Below are records with pictures. Reproduce exactly the lines from the line with "20 oz Tumbler" to the line with "[리필용] 마루캣 초대형", inclusive, and leave each picture out.

RECORDED INFORMATION:
----

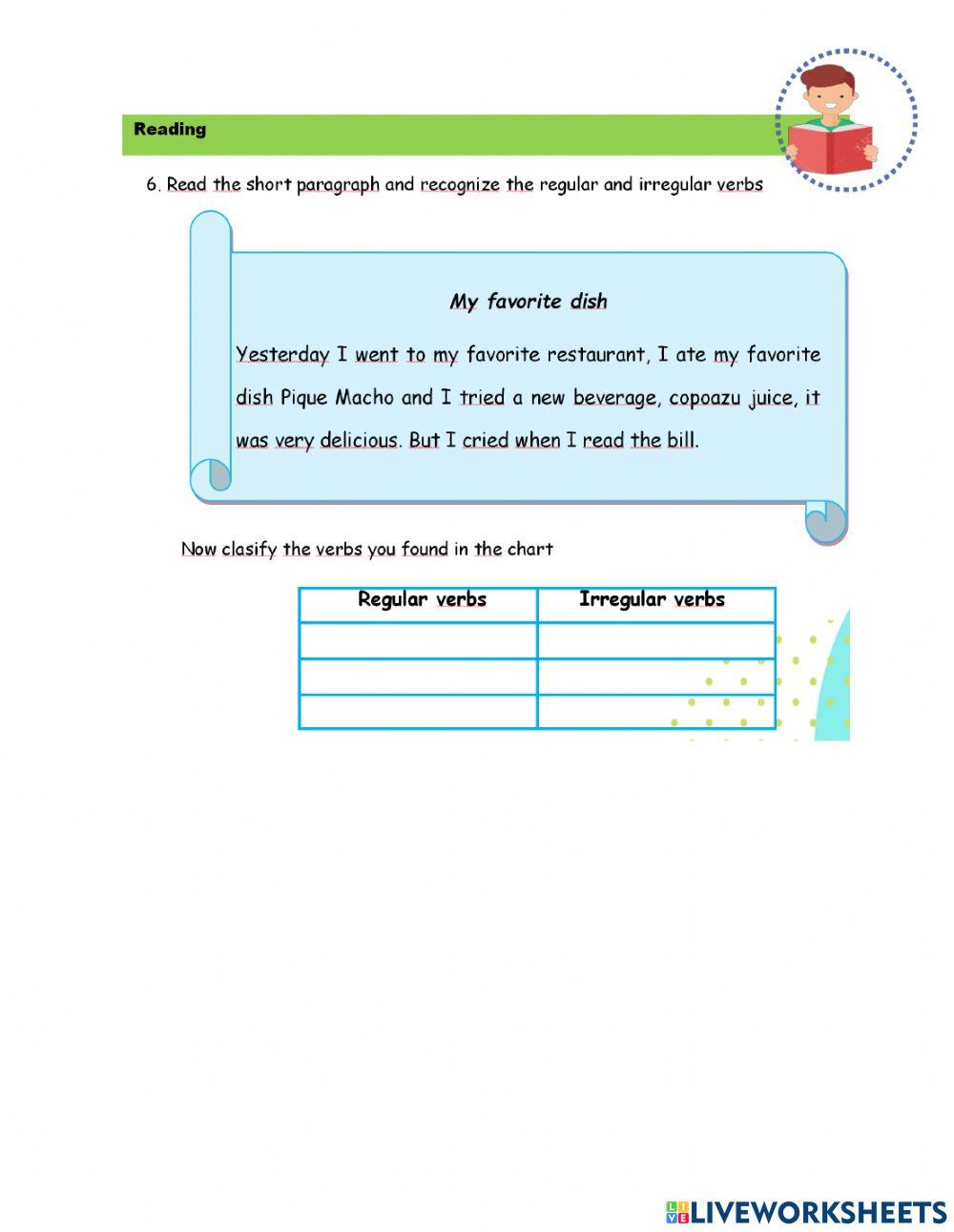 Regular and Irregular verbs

----

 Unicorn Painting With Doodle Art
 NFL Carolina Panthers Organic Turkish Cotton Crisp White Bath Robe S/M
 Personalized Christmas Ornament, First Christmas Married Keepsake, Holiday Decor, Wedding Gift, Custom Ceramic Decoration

----

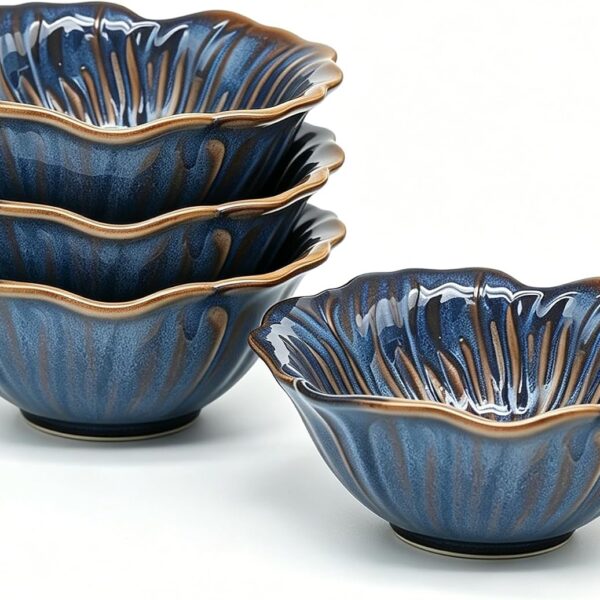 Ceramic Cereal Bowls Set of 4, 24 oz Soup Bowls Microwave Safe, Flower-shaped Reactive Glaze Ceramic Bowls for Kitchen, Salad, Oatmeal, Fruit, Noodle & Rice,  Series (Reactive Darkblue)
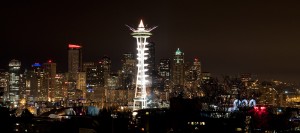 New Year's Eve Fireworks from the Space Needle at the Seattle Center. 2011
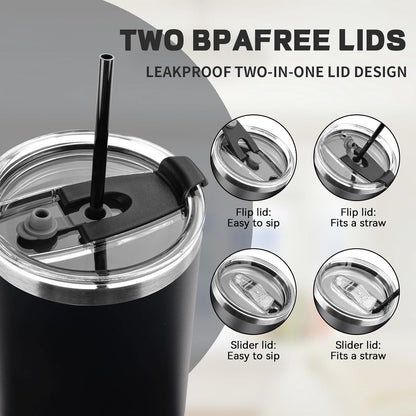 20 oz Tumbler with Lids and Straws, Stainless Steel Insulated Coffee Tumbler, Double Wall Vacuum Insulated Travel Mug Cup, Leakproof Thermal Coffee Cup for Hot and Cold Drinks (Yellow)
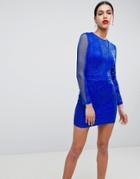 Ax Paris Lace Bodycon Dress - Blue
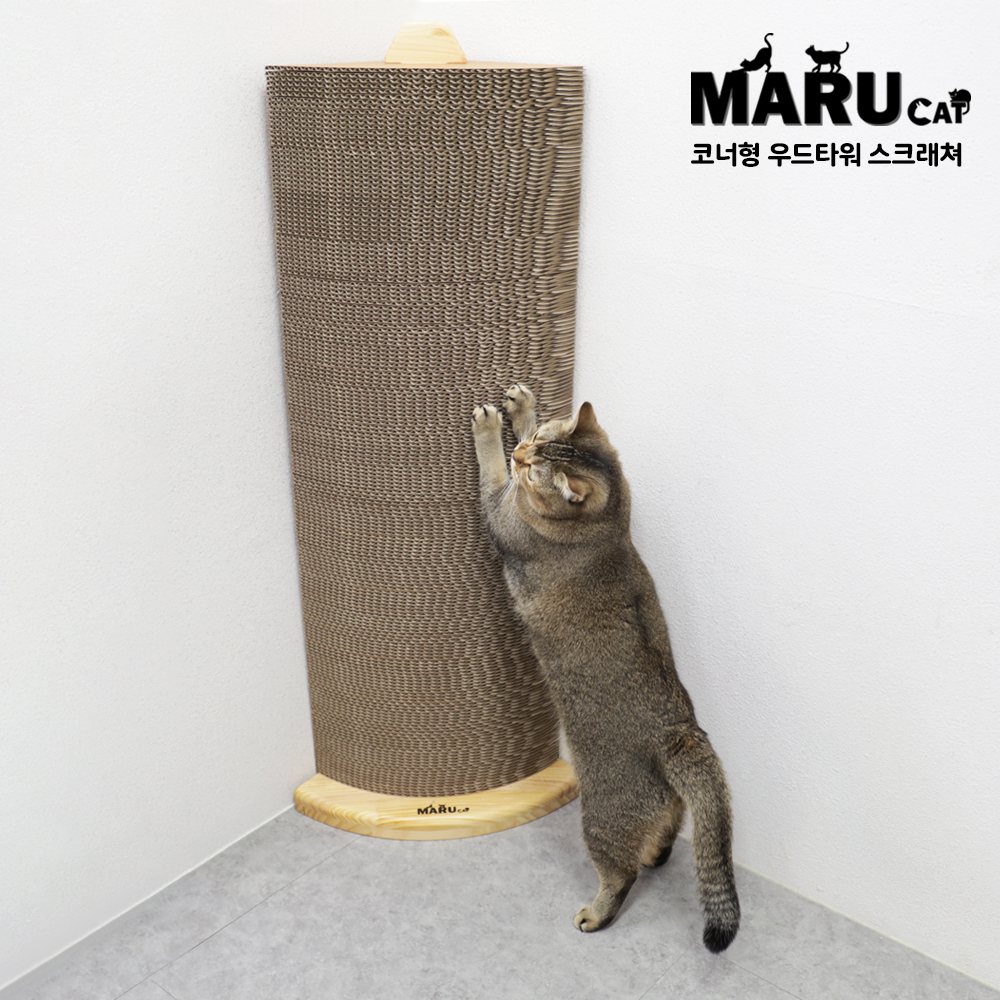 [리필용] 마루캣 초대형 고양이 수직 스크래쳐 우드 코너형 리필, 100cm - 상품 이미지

----

TASK ANSWER:
 20 oz Tumbler with Lids and Straws, Stainless Steel Insulated Coffee Tumbler, Double Wall Vacuum Insulated Travel Mug Cup, Leakproof Thermal Coffee Cup for Hot and Cold Drinks (Yellow)
 Ax Paris Lace Bodycon Dress - Blue
 [리필용] 마루캣 초대형 고양이 수직 스크래쳐 우드 코너형 리필, 100cm - 상품 이미지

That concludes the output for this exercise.